Please retype the data below line for line and leave out every picture.

§ **Provided data**

────

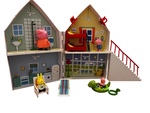2257: Peppa Pig Holiday Home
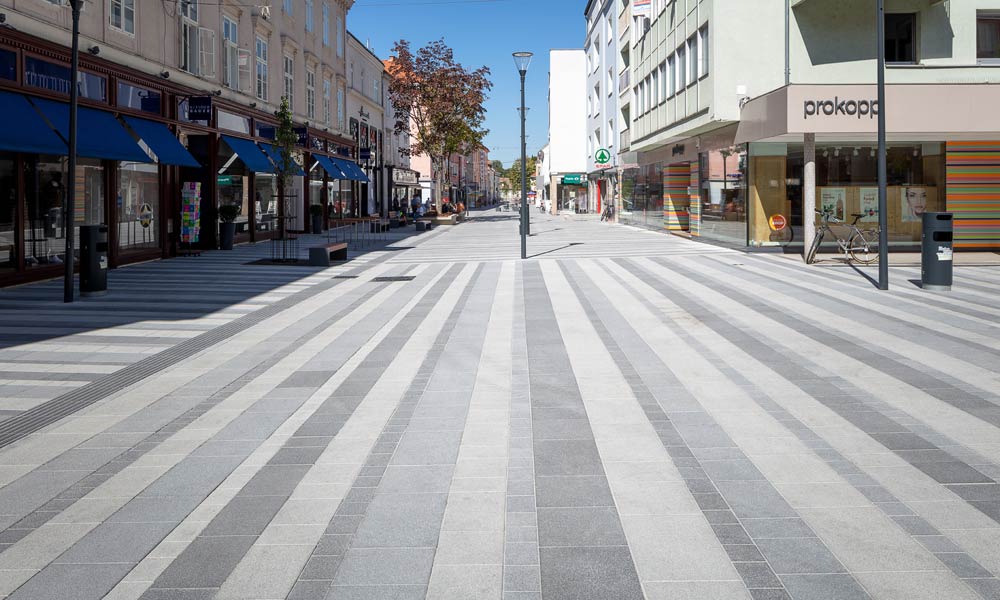 Pešie zóny Linea VG4 betónová platňa, ušľachtilé kamenivo bielo-čierne betónové dlažby Friedl Steinwerke Pešie zóny Linea VG4 betónová platňa, ušľachtilé kamenivo bielo-čierne betónové dlažby Friedl Steinwerke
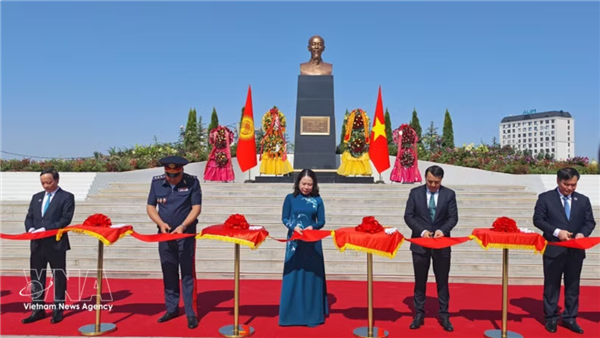 Inauguration du monument du Président Ho Chi Minh à Bichkek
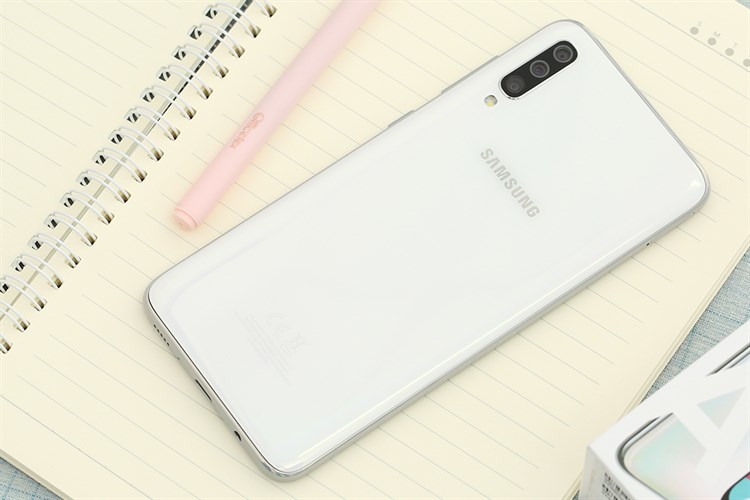 Điện thoại Samsung Galaxy A70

────

§ **Written reply**
2257: Peppa Pig Holiday Home
 Pešie zóny Linea VG4 betónová platňa, ušľachtilé kamenivo bielo-čierne betónové dlažby Friedl Steinwerke Pešie zóny Linea VG4 betónová platňa, ušľachtilé kamenivo bielo-čierne betónové dlažby Friedl Steinwerke
 Inauguration du monument du Président Ho Chi Minh à Bichkek
 Điện thoại Samsung Galaxy A70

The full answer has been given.